- Also known as: Mr.865, Mack
- Born: Mack Williams Jr.
- Origin: Knoxville, Tennessee
- Genres: Rap
- Occupation: Rapper
- Instrument: Vocals
- Years active: 2000 - present
- Label: Universal Republic Records
- Website: www.myspace.com/mrmackbr

= Mr. Mack =

American rapper

Mack Williams Jr. is a rap artist who performs under the name Mr. Mack. He was born in Alcoa, Tennessee, and graduated from Alcoa High School.

He had released several independent mixtapes prior to signing with Universal Republic Records. His biggest hit to date, the 2006 single "Where You From? (Da 865)", became a statewide anthem in the Tennessee rap scene. In 2007, "Where You From?" was featured on a compilation album, Preview Presents Greeting From Knoxville, released by Knoxnews.com.

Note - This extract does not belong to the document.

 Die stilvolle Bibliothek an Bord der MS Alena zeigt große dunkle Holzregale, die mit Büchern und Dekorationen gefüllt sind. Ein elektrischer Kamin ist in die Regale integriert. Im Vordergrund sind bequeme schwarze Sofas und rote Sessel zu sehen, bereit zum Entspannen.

Mr. Mack is currently working on his debut album Self Made. It is targeted for release in late fall.
Mack has had several popular songs released on regional radio. He was also featured in the award winning documentary "East Tennessee Hard Hitters" directed by Shannon M. Grier and Blu Chez in 2009.
He has many live videos on YouTube, as well as having been featured on the television and radio program Studio 865, broadcast by the University of Tennessee. Mr. Mack has released several projects recently including his latest album "BLOW" which is nominated for Album of the Year @ the 2012 SEA Awards. He also just released a new video "Think It Over" f/ Project Pat & Young Ralph directed by AXTION.